We are in the process of purchasing a three bedroom bungalow on a rugged, sandstone portion of the Lake Superior shore. It is about 30-40 minutes from our home, in an unorganized (rural) township.

I will be seeking people to rent on a weekly basis, for a number of weeks throughout the year, to cover the mortgage and expenses, or partly anyway. Due to the rugged shoreline at this location, I will not be seeking young families due to the lack of a sand or pebble beach. I believe it is a perfect location for canoeists, kayakers, fisherman, and snowmobilers. The snowmobile trail is a brief drive up the shoreline. It may also appeal to photographers and artists. I would be targeting both Canadians and Americans, as I-75 terminates at our doorstep.

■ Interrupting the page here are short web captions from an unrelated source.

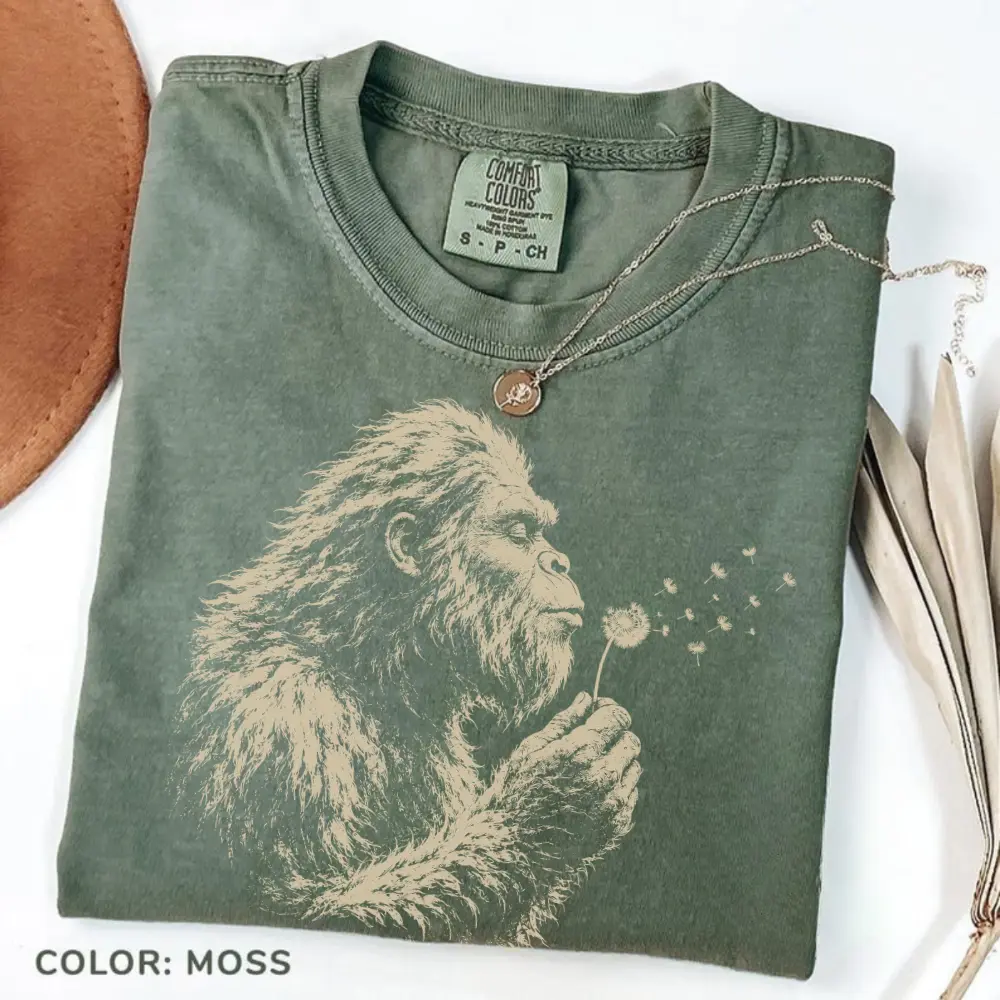 Comfort Colors Bigfoot Dandelion T-Shirt, Vintage Sasquatch Nature Tee, Woodland Cryptid Graphic T-Shirt, Outdoor Adventure Shirt, Bigfoot Lover Gift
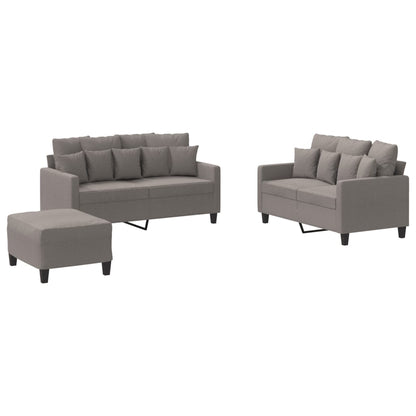 Set di Divani 3 pz con Cuscini Tortora in Tessuto | homemem39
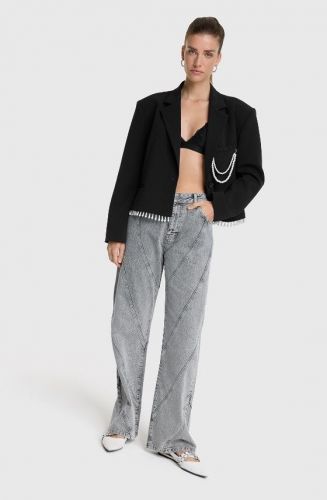 Jeans gris délavé avec coutures ALIX THE LABEL | Marine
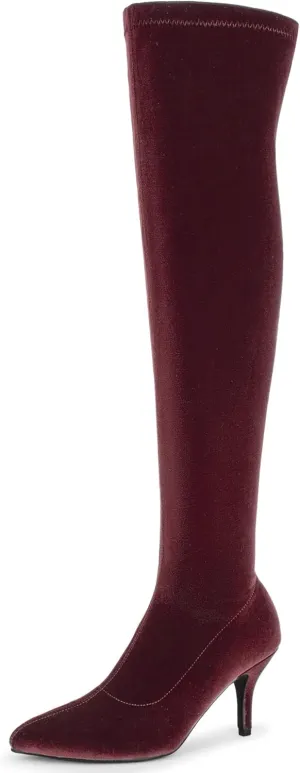 Perphy Faux Velvet Pointed Toe Stiletto Heels Over the Knee High Boots for Women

As we have only dealt with student rentals to this point, if anyone has recommendations regarding seasonal/recreational rentals, I would be appreciative of any tips you may have, including where and how to advertise.


----------



## Berubeland (Sep 6, 2009)

Kijiji & vacation rental boards my understanding from people I know who rent out their cottages is after a while, you get enough people renting your cottage year after year to just keep going and not advertize too much.


----------



## RCB (Jan 11, 2014)

Thank you x 2. Your website was part of my research before diving into student rentals several years ago.


----------



## Berubeland (Sep 6, 2009)

Ha I'm surprised, I'm very realistic about student rentals. You get extra money but you guys work for it. 

I just had a guy have to convert his "student rental" back into a regular rental (Another one where the real estate agent misrepresented the property) after the condo board enforced the rules against short term and rooming houses. 

It is worth it if you can keep a close eye on it yourself. Skyline REIT actually go their start in student rentals.


----------



## tygrus (Mar 13, 2012)

I think by ignoring families you are missing a major market. Fishermen and hikers and such are just as happy sleeping in a tent, but families rent cabins.

One thing I learned about the vacation rental market is that people want amenities. Pool, hot tub, beach, boat, dock, small town nearyby to got for supper etc.


----------



## kcowan (Jul 1, 2010)

Make sure you handle the turnover yourself and do not return the damage deposit until you have checked everything. If the renters are anxious to leave, let them leave without their damage deposit and promise to mail any balance owing.


----------



## RCB (Jan 11, 2014)

Thanks to all.


----------